Evolution & Ecology Research Centre, School of Biological, Earth and Environmental Sciences, UNSW Sydney, Sydney, New South Wales, Australia.
Evolution & Ecology Research Centre, School of Biotechnology and Biomolecular Sciences, UNSW Sydney, Sydney, New South Wales, Australia.
Mol Ecol Resour. 2022 Nov;22(8):3141-3160. doi: 10.1111/1755-0998.13679. Epub 2022 Jul 18.

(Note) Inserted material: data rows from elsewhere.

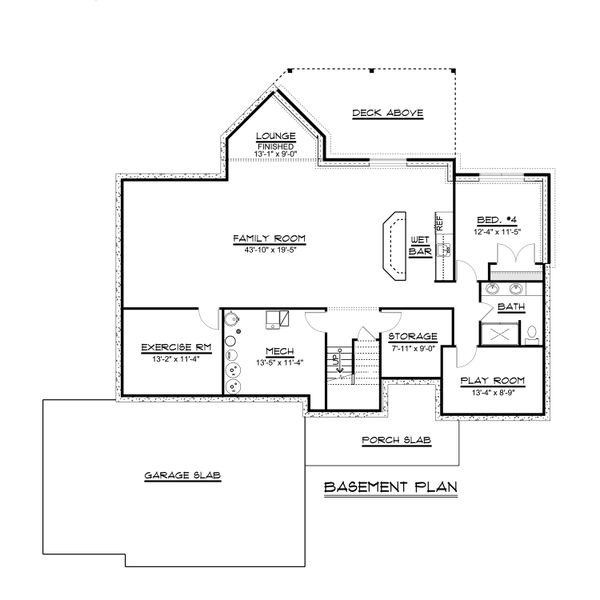 Home Plan - Country Floor Plan - Lower Floor Plan #1064-69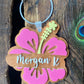 Hawaii Luggage Tag, Hibiscus Flower Keychain, Personalized Luggage Tag, Custom Bag Tag Suitcase, Backpack Name Tag, Summer Keychains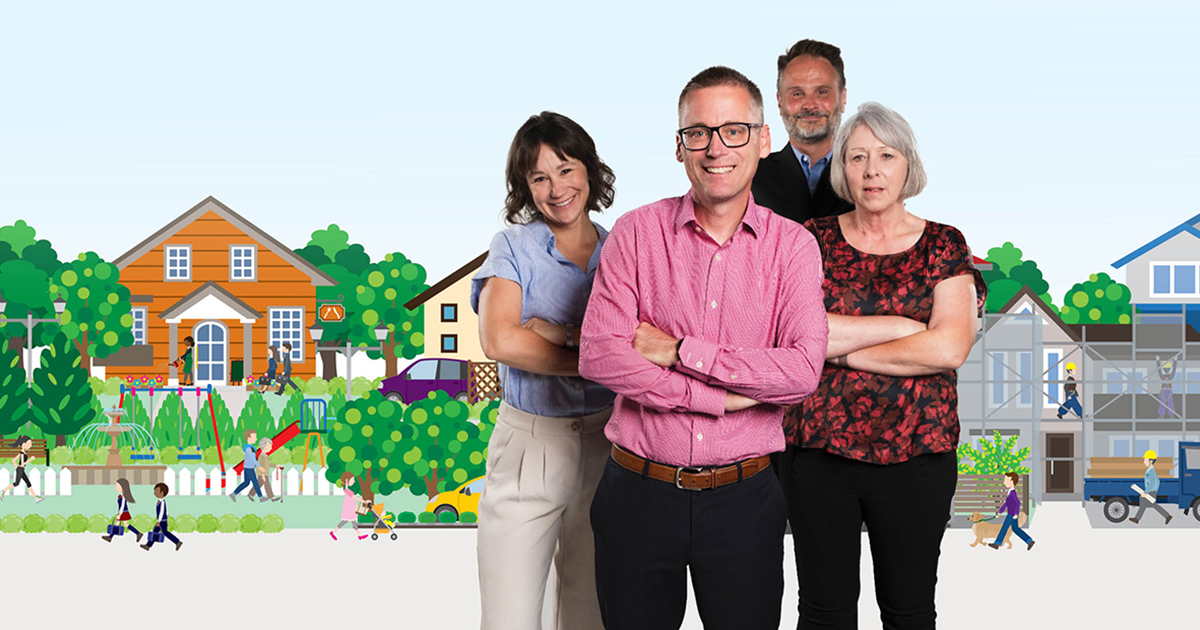 Four adults pose with arms crossed in front of illustrated houses, trees, and a community neighborhood scene.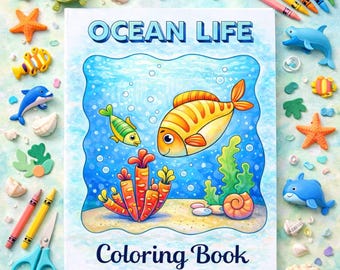 Libro para colorear sobre la vida marina: Criaturas submarinas (PDF)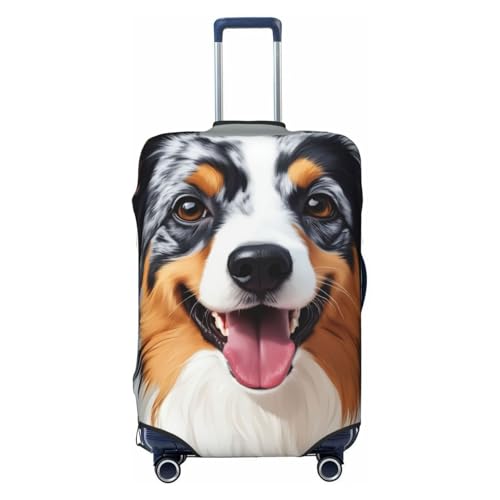 Travel Luggage Cover, Elasticity Zipper Closure Luggage Suitcase Cover, Anti-Scratch Washable Baggage Protector Bag - Fits 19-32 inch Luggages (Animal Australian Shepherd)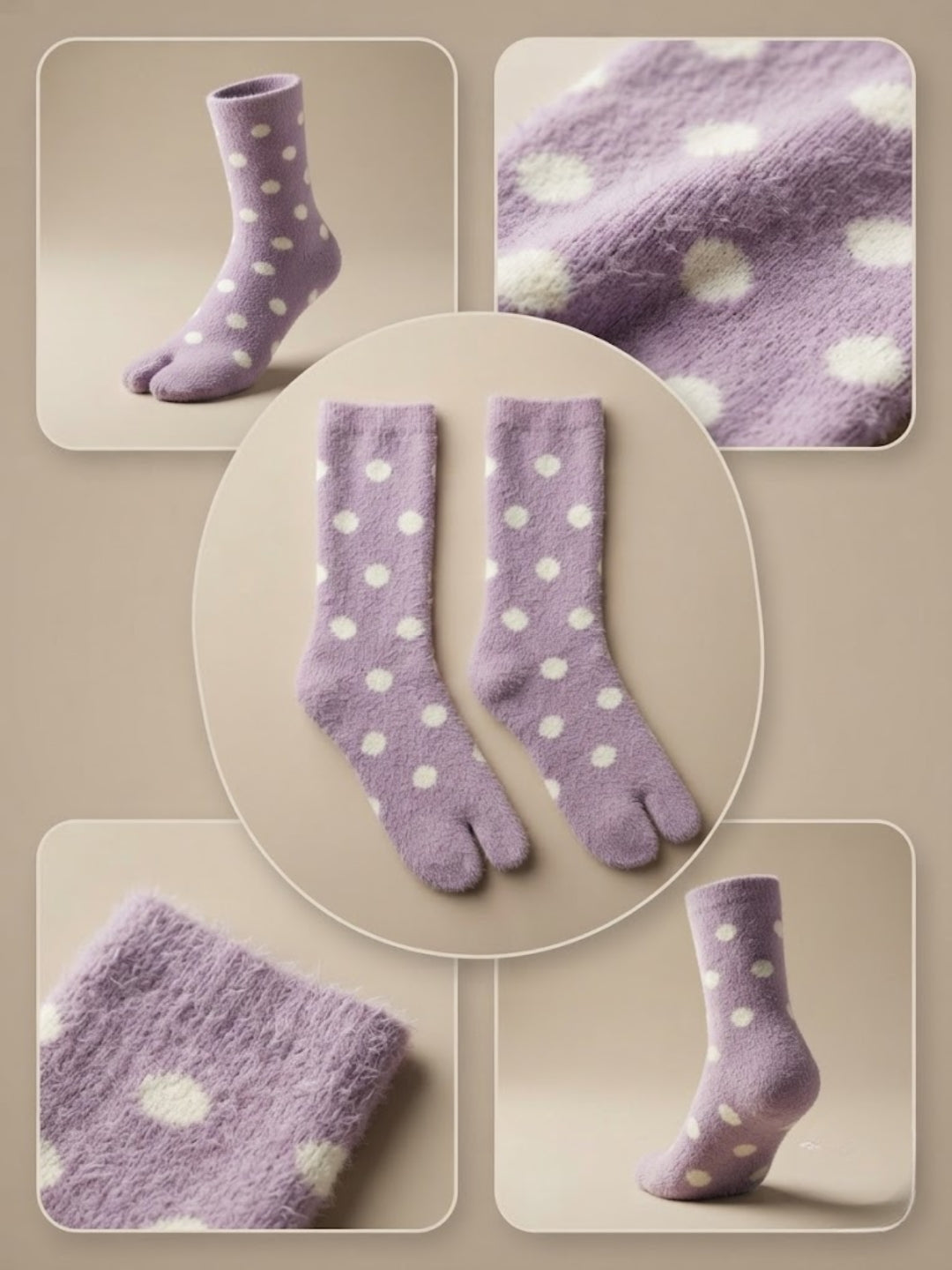 Cdeck Women Premium Hair Wool Socks Combo | Soft Warm Fuzzy Winter Socks | White Polka Dot | Free Size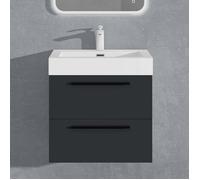 Sogood Meuble de Salle de Bains Gris Noir Mat Ensemble de 2 Pièces Meuble Suspendu avec Lavabo 60 cm Design Quadratto
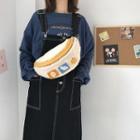 Faux Shearling Cartoon Applique Sling Bag As Shown In Figure - One Size
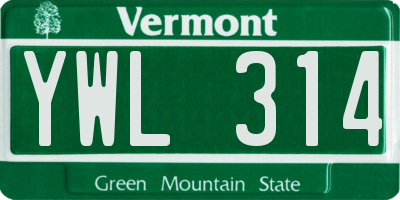 VT license plate YWL314
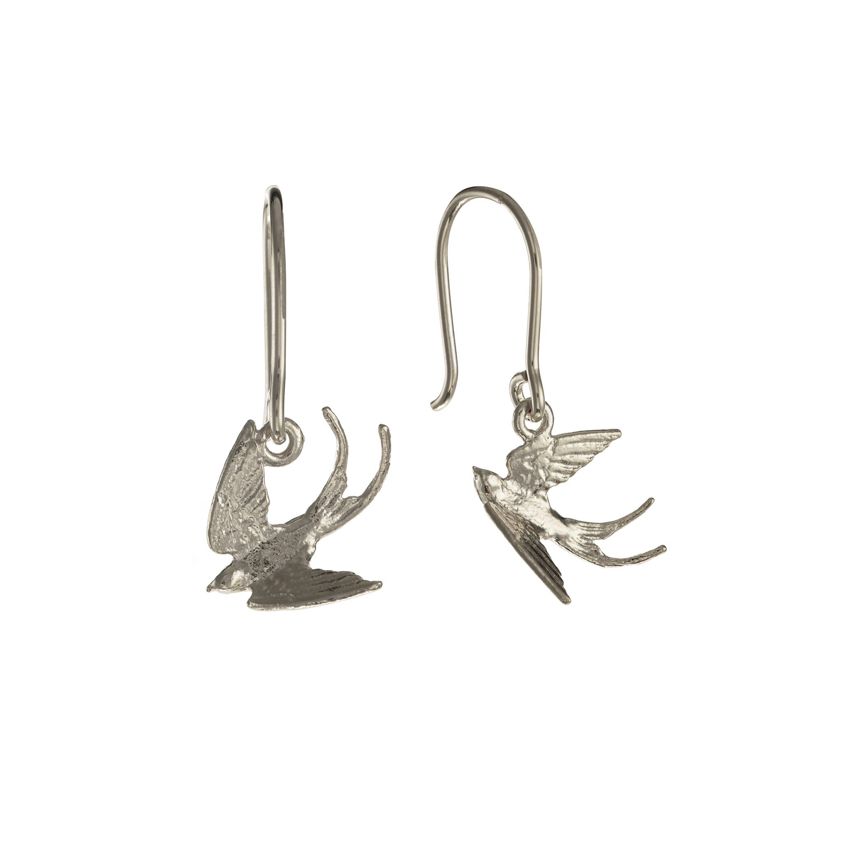 Sterling Silver Swooping Swallow Hook Earrings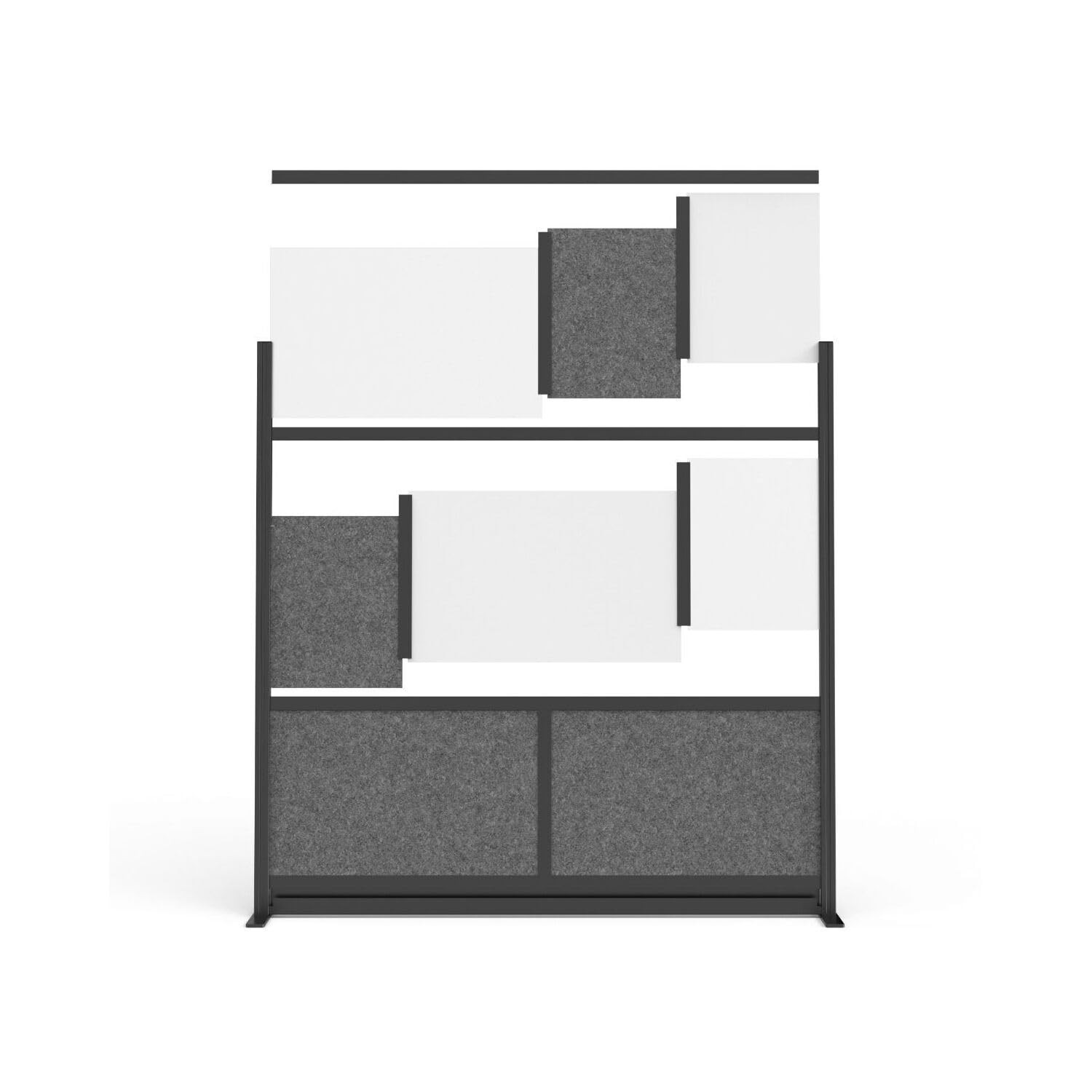 LUXOR MW-7070-XWCGB Modular Wall Room Divider System - Black Frame - 70" x 70" S gallery
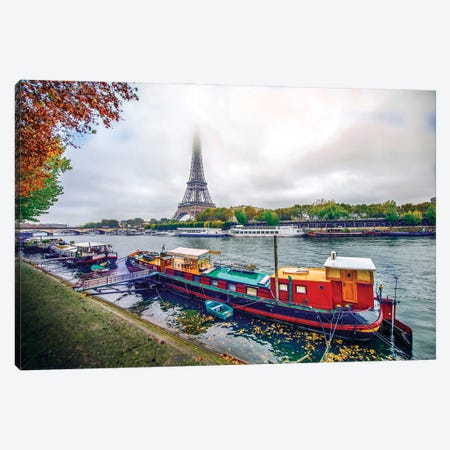 Red House Boat By The Seine River Paris Canvas Print #RPM2} by Rose Palmisano Canvas Wall Art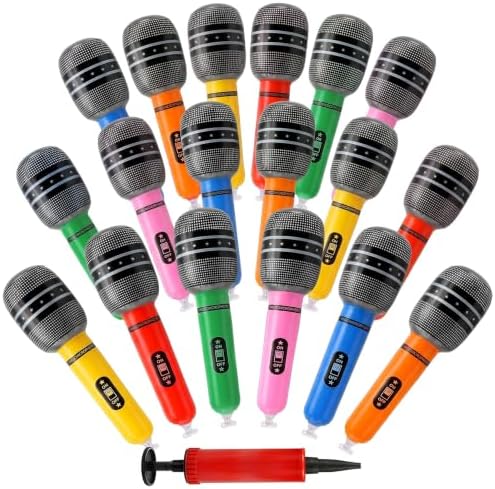 18 Pack Inflatable Microphones with Pump, 10 Inch Karaoke Party Props by Unknown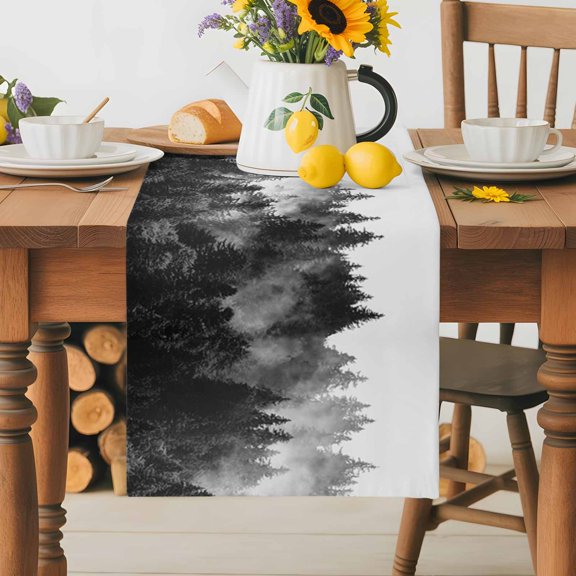 Burlap Table Runner 36 Inches Long, Monochrome Misty Natural Forest Non-Slip Kitchen Table Runners for Dining Room Everyday Use Party Table Decorations Foggy Tree Woodland Scenery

The European starling, Sturnus vulgaris, is an ecologically significant, globally invasive avian species that is also suffering from a major decline in its native range. Here, we present the genome assembly and long-read transcriptome of an Australian-sourced European starling (S. vulgaris vAU), and a second, North American, short-read genome assembly (S. vulgaris vNA), as complementary reference genomes for population genetic and evolutionary characterization. S. vulgaris vAU combined 10× genomics linked-reads, low-coverage Nanopore sequencing, and PacBio Iso-Seq full-length transcript scaffolding to generate a 1050 Mb assembly on 6222 scaffolds (7.6 Mb scaffold N50, 94.6% busco completeness). Further scaffolding against the high-quality zebra finch (Taeniopygia guttata) genome assigned 98.6% of the assembly to 32 putative nuclear chromosome scaffolds. Species-specific transcript mapping and gene annotation revealed good gene-level assembly and high functional completeness. Using S. vulgaris vAU, we demonstrate how the multifunctional use of PacBio Iso-Seq transcript data and complementary homology-based annotation of sequential assembly steps (assessed using a new tool, saaga) can be used to assess, inform, and validate assembly workflow decisions. We also highlight some counterintuitive behaviour in traditional busco metrics, and present buscomp, a complementary tool for assembly comparison designed to be robust to differences in assembly size and base-calling quality. This work expands our knowledge of avian genomes and the available toolkit for assessing and improving genome quality. The new genomic resources presented will facilitate further global genomic and transcriptomic analysis on this ecologically important species.
欧洲椋鸟(Sturnus vulgaris)是一种具有重要生态学意义的全球性入侵鸟类物种,其在原生范围内也正在经历重大衰退。在这里,我们提供了一个澳大利亚来源的欧洲椋鸟(S. vulgaris vAU)的基因组组装和长读长转录组,以及第二个北美短读长基因组组装(S. vulgaris vNA),作为种群遗传和进化特征描述的补充参考基因组。S. vulgaris vAU 结合了 10×基因组链接读取、低覆盖度纳米孔测序和 PacBio Iso-Seq 全长转录支架,生成了一个 1050 Mb 的组装,由 6222 个支架组成(7.6 Mb 支架 N50,94.6% BUSCO 完整性)。进一步针对高质量斑马雀(Taeniopygia guttata)基因组进行支架构建,将组装的 98.6%分配到 32 个假定核染色体支架上。物种特异性转录图谱和基因注释显示了良好的基因级组装和高功能完整性。使用 S. vulgaris vAU,我们展示了如何多功能地使用 PacBio Iso-Seq 转录数据,以及通过互补的同源性注释顺序组装步骤(使用新工具 saaga 评估)来评估、提供信息和验证组装工作流程决策。我们还强调了传统 BUSCO 指标中的一些违反直觉的行为,并提出了 buscomp,这是一种用于组装比较的互补工具,旨在对组装大小和碱基调用质量的差异具有稳健性。这项工作扩展了我们对鸟类基因组的认识,以及用于评估和提高基因组质量的可用工具包。所提供的新基因组资源将促进对这个具有重要生态学意义的物种进行进一步的全球基因组和转录组分析。